━━━━━ Entries supplied ━━━━━

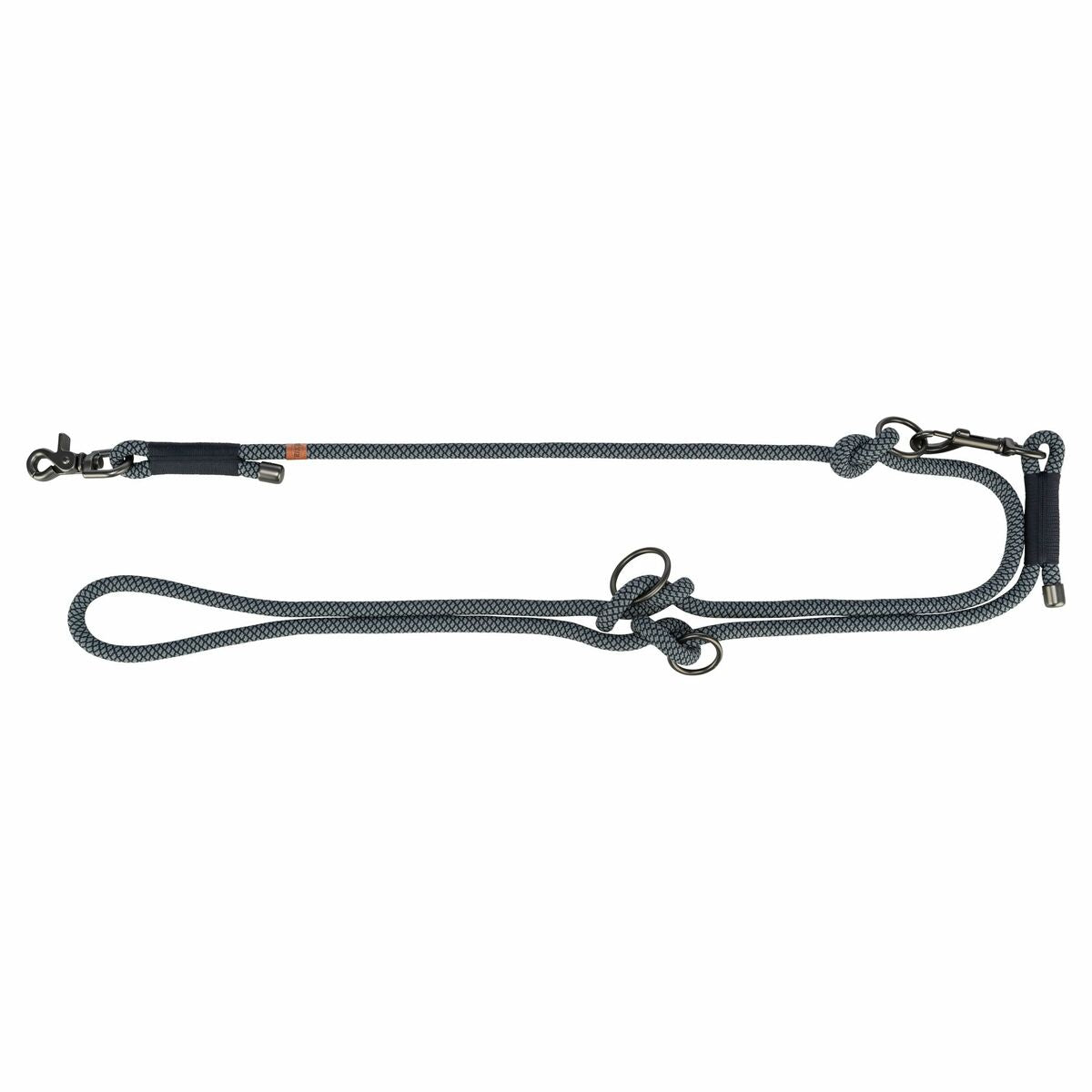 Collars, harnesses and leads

━━━━━
━━━━━ Entries supplied ━━━━━

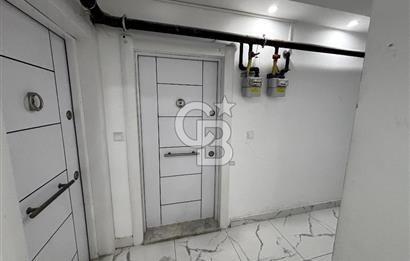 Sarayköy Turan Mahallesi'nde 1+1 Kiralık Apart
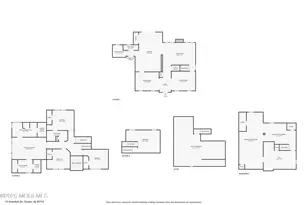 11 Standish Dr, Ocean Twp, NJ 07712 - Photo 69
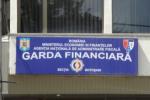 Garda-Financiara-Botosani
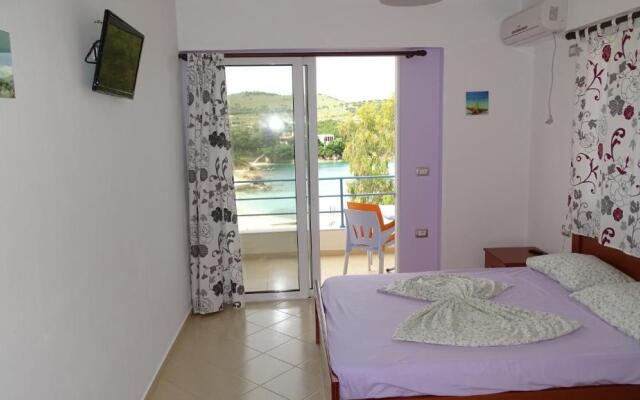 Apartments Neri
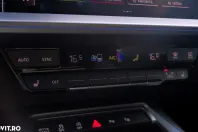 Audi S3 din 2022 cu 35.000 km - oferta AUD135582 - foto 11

━━━━━

• **About this task**: Start at the line containing "11 Standish Dr, Ocean" above and stop at the line containing "Audi S3 din". Output those lines exactly, both included, but none of the pictures.

• **Response box**:
 11 Standish Dr, Ocean Twp, NJ 07712 - Photo 69
 Garda-Financiara-Botosani
 Apartments Neri
 Audi S3 din 2022 cu 35.000 km - oferta AUD135582 - foto 11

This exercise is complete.